Political interests continue to distort the decisions of the NGO Committee, but this time the world is watching


The moment for serious reform of the UN Economic and Social Council's NGO Committee has come.

ECOSOC session

The report has been issued on one of the most shameful sessions of the ECOSOC NGO Committee, where misplaced political interests were once again clearly evident in the Committee’s practice.  In contrast with prior meetings of the Committee however, this session was observed by a high number of States and NGOs many of whom expressed concern at what they were witnessing.  When allied with the statements made by key UN officials and over 230 non-government organisations, it is clear that the moment for serious reform of the Committee has come.  The upcoming session of ECOSOC in July provides such an opportunity.

The tone of the session was set early on with a strong push back by some Committee members to a request by the US for the floor to be given to an NGO to make a general statement.  The statement was finally permitted – an unprecedented step – and ISHR spoke to concerns expressed by over 230 NGOs from 45 countries around the world in an open letter to ECOSOC members about the practice of the Committee.  Attempts were then made by China and Cuba to try to erase reference to the statement from the record of the session, but were successfully resisted including through statements by Greece, Israel and the US. 

Votes held by the NGO Committee  against recommending accreditation for the  Committee Protection of Journalists, and for the Youth Coalition on Sexual and Reproductive Rights (YCSRR) then clearly highlighted the concerns expressed by the NGOs.

‘When an organisation protecting journalists, and an organization of young people working on sexual and reproductive rights are blocked from the UN, you know the system is deeply flawed.’ said, ISHR's Eleanor Openshaw. ‘Implementation of key UN agendas such as Agenda 2030 rely on the engagement of civil society organisations. Blocking them is arbitrary and motivated by political considerations that have no place in the work the NGO Committee.”

These cases and the practice of the Committee in general were highlighted by several global media outlets, and prompted expressions of dismay and concern by key UN officials and observer States.

The UN Secretary General expressed deep concern about ‘a disturbing pattern of actions against NGOs whose work is essential to progress’ around the world and ‘even within the UN’. ‘We cannot allow this authoritarian impulse to silence NGOs,’ he noted.

The Special Rapporteur on the rights to Freedom of Peaceful Assembly and Association issued a Commentary, noting that since his 2014 report to the GA where he expressed concern and outlined a series of recommendations, ‘not much has changed’. 

A case the Special Rapporteur has consistently highlighted  – that of the International Dalit Solidarity Network (IDSN) – was considered for the 18th time and received 2 more questions from India, taking the number of questions it has received from this one country to 77,  The US noted that was time this case was resolved.  Host country, Denmark made no statement in support of the applicant.

The record of applications recommended for consultative status and those deferred during the session showed once again that human rights organisations face the greatest obstacles to accessing the UN.  The Committee recommended to the Economic and Social Council 188 organizations for consultative status and deferred 235 for further consideration at its regular session in 2017. Human rights organisations faced approximately 50% less likelihood of being recommended for accreditation at the session than organisations working on other issues such as development, humanitarian concerns, education.  Around 70% of new applications by human rights organisations were deferred.
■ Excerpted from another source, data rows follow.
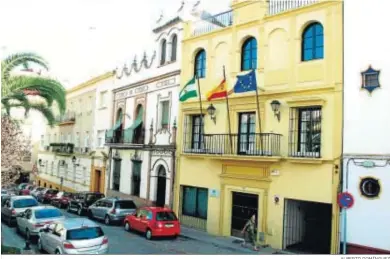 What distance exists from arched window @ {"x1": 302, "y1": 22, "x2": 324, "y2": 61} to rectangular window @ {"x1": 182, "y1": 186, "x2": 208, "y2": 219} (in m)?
5.65

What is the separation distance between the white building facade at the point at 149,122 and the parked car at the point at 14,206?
3.30 meters

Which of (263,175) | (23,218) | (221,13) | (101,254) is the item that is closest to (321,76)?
(263,175)

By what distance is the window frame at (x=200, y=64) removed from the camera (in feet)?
51.8

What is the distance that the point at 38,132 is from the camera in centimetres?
1430

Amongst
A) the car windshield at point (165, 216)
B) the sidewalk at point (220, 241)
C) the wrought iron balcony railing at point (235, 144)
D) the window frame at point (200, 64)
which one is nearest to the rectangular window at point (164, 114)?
the wrought iron balcony railing at point (235, 144)

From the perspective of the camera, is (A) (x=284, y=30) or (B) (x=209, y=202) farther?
(B) (x=209, y=202)

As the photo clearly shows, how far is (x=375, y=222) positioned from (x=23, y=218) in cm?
1024

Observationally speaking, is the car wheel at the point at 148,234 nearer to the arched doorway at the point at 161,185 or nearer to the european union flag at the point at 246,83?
the arched doorway at the point at 161,185

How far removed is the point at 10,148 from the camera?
33.6ft

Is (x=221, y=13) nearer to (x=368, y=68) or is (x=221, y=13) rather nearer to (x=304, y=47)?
(x=304, y=47)

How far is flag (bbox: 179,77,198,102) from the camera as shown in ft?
48.7

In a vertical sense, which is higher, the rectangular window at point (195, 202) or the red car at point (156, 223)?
the rectangular window at point (195, 202)

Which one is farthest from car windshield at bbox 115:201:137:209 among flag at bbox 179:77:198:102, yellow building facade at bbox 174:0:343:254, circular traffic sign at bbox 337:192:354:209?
circular traffic sign at bbox 337:192:354:209

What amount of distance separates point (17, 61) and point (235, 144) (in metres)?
6.90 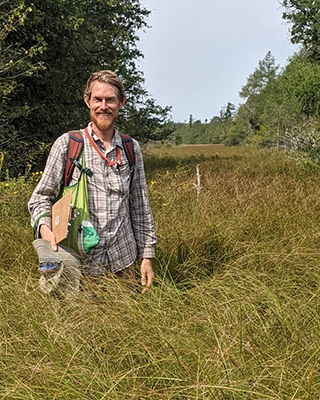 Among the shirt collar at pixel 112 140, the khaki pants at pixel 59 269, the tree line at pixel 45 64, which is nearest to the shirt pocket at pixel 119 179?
the shirt collar at pixel 112 140

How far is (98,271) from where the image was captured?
251cm

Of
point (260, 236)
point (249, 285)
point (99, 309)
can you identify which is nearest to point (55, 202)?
point (99, 309)

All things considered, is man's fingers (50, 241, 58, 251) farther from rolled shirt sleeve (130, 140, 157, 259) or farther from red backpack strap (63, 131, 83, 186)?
rolled shirt sleeve (130, 140, 157, 259)

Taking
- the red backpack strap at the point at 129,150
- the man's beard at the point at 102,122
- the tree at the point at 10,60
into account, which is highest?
the tree at the point at 10,60

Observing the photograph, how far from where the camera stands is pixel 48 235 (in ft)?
7.42

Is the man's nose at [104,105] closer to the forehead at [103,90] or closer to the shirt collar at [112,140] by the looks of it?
the forehead at [103,90]

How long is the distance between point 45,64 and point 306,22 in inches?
225

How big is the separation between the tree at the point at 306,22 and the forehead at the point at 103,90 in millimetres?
8331

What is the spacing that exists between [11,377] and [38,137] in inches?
296

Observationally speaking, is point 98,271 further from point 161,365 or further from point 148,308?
point 161,365

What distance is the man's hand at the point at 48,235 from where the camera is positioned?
2.24 meters

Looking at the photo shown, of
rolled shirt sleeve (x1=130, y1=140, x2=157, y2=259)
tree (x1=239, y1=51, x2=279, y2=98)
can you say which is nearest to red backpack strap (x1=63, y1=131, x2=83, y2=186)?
rolled shirt sleeve (x1=130, y1=140, x2=157, y2=259)

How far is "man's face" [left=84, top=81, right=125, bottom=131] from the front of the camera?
242 cm

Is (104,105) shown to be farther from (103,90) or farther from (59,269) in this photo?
(59,269) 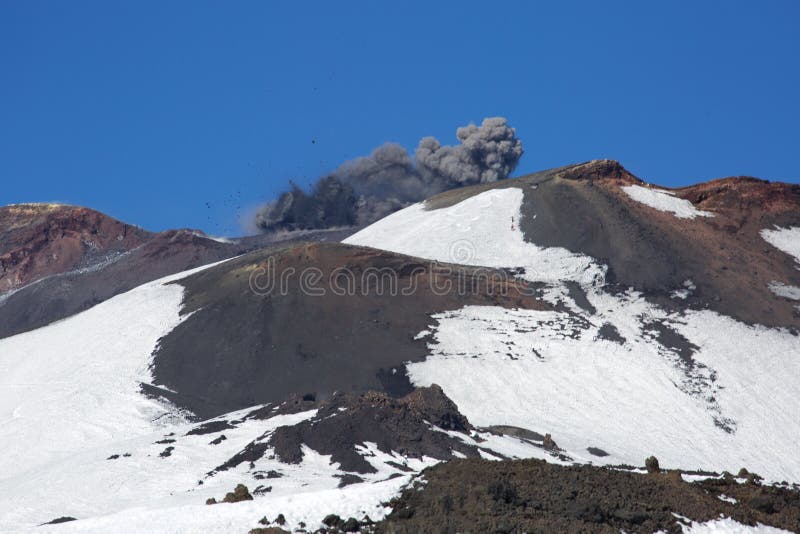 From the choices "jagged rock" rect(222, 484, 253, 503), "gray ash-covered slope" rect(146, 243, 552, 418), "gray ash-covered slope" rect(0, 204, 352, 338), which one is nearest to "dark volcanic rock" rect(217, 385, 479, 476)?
"jagged rock" rect(222, 484, 253, 503)

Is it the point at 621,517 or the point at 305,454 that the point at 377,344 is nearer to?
the point at 305,454

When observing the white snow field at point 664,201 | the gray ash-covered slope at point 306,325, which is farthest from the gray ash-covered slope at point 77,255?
the white snow field at point 664,201

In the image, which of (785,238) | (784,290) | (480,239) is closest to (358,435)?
(784,290)

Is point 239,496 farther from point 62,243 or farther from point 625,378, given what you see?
point 62,243

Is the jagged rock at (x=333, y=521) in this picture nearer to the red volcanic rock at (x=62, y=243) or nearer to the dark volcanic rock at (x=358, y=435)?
the dark volcanic rock at (x=358, y=435)

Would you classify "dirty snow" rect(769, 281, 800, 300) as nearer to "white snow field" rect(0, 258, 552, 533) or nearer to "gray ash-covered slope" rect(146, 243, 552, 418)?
"gray ash-covered slope" rect(146, 243, 552, 418)


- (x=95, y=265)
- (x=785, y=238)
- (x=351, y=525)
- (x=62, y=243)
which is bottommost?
(x=351, y=525) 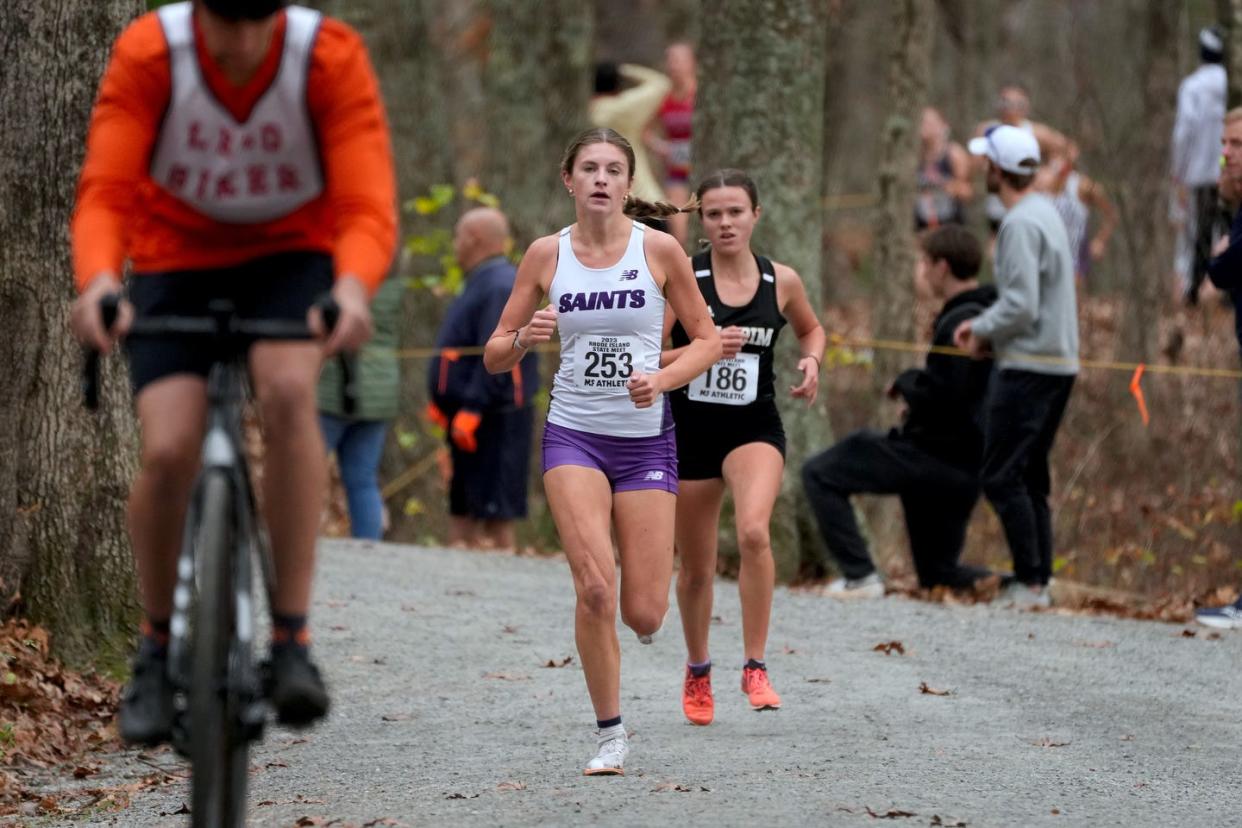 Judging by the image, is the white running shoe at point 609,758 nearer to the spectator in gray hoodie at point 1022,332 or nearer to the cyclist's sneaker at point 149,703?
the cyclist's sneaker at point 149,703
Deferred human rights applicants faced approximately an 8% chance of getting accreditation. As in past years, those working on sexual and reproductive rights, or caste-based discrimination were amongst those most likely to be deferred.    
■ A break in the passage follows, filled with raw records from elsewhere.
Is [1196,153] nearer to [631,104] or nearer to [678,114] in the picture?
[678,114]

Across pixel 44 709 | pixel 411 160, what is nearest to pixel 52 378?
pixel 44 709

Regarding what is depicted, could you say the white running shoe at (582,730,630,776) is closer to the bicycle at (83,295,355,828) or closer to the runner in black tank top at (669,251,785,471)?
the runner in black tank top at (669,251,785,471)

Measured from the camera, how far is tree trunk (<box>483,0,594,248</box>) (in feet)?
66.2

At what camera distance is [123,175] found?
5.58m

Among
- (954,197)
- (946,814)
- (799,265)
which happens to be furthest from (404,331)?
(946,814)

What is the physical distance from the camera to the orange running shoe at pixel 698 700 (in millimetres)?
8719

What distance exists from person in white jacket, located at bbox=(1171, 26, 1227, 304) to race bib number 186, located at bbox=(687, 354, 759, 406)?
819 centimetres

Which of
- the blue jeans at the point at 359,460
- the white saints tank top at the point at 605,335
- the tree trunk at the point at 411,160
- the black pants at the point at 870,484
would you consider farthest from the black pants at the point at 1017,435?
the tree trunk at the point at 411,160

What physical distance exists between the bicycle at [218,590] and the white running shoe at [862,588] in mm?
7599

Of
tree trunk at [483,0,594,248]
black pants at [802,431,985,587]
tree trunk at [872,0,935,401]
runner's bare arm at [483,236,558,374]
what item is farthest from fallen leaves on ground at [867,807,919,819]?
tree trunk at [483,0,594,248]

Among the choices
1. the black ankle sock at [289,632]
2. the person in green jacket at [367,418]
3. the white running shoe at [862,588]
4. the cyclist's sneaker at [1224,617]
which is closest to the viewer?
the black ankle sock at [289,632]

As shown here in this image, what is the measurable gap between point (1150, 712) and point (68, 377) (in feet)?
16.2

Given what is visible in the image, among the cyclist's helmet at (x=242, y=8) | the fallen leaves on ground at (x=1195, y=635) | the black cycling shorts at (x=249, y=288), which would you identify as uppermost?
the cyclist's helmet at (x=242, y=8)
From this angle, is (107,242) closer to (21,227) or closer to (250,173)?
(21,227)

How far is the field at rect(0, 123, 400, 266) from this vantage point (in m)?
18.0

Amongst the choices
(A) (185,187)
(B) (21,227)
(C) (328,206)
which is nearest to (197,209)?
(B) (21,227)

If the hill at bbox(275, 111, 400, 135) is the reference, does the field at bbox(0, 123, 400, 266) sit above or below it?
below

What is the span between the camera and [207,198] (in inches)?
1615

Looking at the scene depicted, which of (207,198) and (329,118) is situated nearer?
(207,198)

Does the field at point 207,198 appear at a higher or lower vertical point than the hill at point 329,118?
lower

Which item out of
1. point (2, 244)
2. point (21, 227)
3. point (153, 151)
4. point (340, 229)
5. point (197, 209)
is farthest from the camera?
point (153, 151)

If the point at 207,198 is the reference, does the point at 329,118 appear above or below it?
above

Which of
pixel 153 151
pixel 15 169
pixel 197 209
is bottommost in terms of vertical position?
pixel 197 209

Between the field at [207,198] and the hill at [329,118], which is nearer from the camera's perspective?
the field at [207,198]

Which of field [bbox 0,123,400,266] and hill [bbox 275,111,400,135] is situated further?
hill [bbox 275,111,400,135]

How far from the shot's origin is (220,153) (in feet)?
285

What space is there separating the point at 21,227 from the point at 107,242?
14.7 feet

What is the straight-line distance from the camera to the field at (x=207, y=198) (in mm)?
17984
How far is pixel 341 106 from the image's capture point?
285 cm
In a positive development, over 40 observer States attended the session – an unprecedented number – with several making statements and echoing calls first made by Chile, Mexico and Uruguay, for webcasting sessions of the NGO Committee to increase transparency of the sessions and enable NGOs with applications pending to follow proceedings from afar. 
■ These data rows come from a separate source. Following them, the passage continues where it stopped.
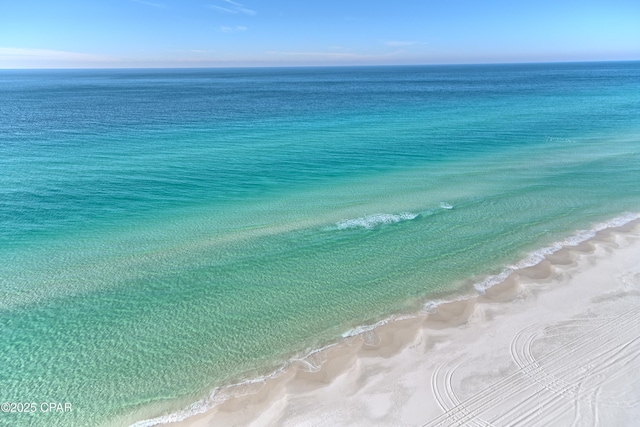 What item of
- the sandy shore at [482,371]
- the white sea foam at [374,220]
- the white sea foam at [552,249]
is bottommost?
the sandy shore at [482,371]

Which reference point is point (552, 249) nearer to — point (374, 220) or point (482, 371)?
point (374, 220)

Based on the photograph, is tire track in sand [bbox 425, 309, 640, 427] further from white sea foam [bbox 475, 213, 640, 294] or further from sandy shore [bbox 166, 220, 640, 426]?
white sea foam [bbox 475, 213, 640, 294]

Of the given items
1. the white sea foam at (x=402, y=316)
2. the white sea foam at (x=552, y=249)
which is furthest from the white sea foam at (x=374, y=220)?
the white sea foam at (x=552, y=249)

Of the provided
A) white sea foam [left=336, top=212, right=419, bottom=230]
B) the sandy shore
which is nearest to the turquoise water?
white sea foam [left=336, top=212, right=419, bottom=230]

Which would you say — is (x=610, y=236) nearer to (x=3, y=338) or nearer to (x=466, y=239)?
(x=466, y=239)

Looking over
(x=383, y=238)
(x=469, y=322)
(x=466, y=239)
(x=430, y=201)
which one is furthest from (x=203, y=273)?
(x=430, y=201)

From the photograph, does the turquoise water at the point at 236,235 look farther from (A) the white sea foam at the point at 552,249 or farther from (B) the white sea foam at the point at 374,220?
(A) the white sea foam at the point at 552,249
Webcasting was one of the aspects of the working methods of the Committee discussed at an informal meeting of the Committee at the end of the session.  The Secretariat clarified the practice for open meetings of bodies such as the Committee is ‘based on request and upon availability of funding’.  No conclusion was reached.

‘Some States have been known to voice objections to webcasting sessions of the NGO Committee based on cost.  It is understood that covering the two session of the NGO Committee a year would cost the equivalent of $48 per UN Member State per year. Cost is not a real obstacle,’ said Ms Openshaw.

‘We call on those States that have witnessed and expressed concern about the practice of the Committee to channel this toward support for reform.  There are opportunities to do so at the current Human Rights Council session and – in a very concrete way - through the introduction of a resolution on working methods of the Committee at the upcoming ECOSOC session in July’, said Ms Openshaw ‘Now is the time for States to stand up for civil society access to and participation in the UN’.

The dates of the sessions of the NGO Committee in 2017 will be 30 January to 8 February and 22 to 31 May.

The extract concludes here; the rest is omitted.